Collected material:
[Start of section]

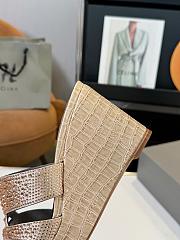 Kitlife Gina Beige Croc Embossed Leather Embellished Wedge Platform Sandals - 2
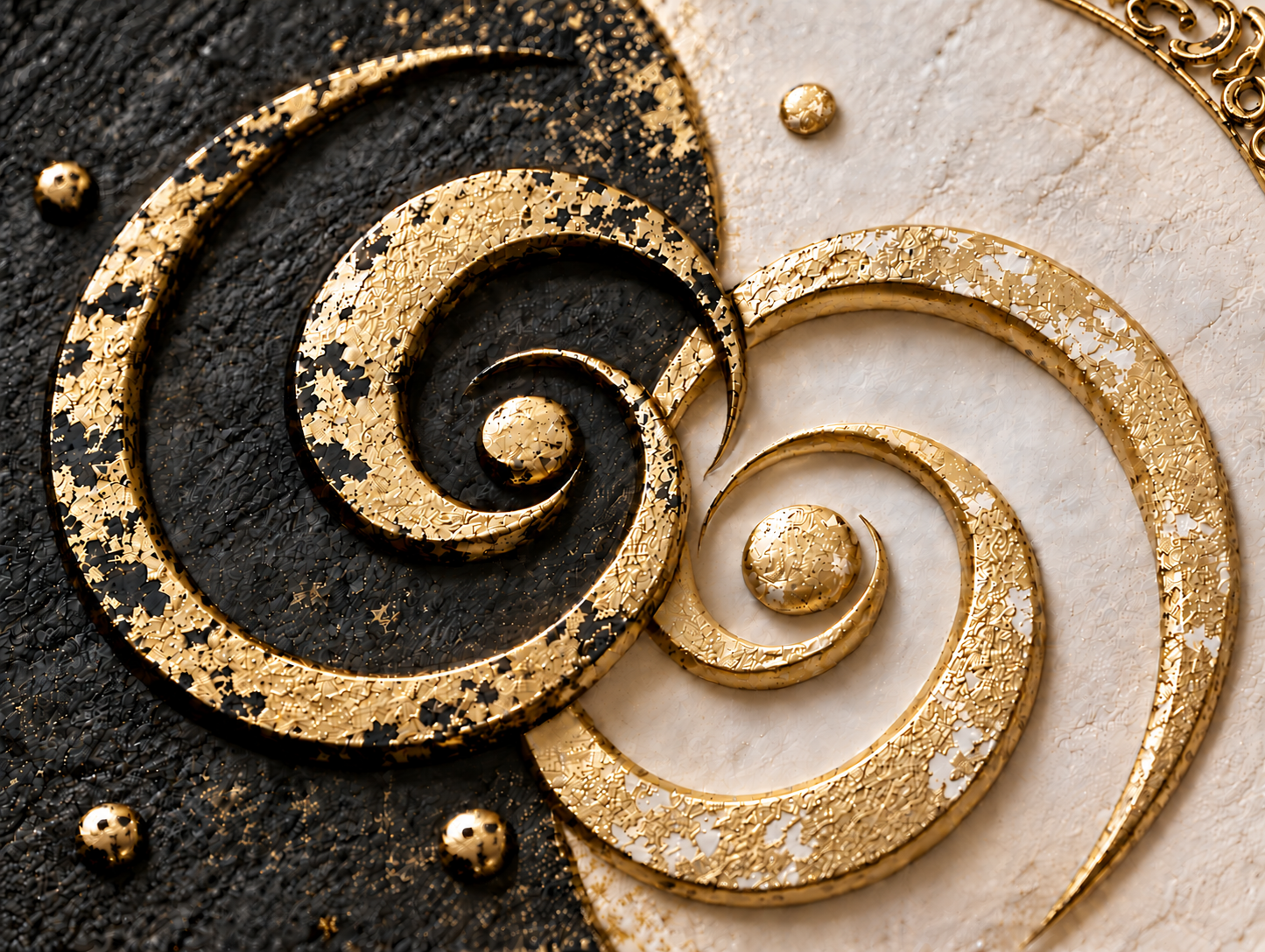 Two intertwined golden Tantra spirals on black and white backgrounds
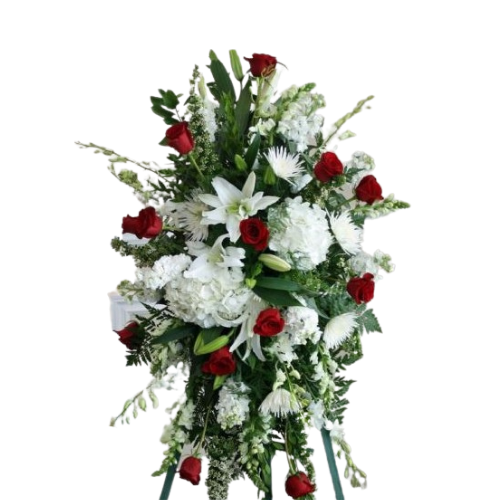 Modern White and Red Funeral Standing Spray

[End of section]

What to work on: Please retype the lines from the one that contains "Two intertwined golden" through the final line of the data, both included, without any pictures.

Answer space:
 Two intertwined golden Tantra spirals on black and white backgrounds
 Modern White and Red Funeral Standing Spray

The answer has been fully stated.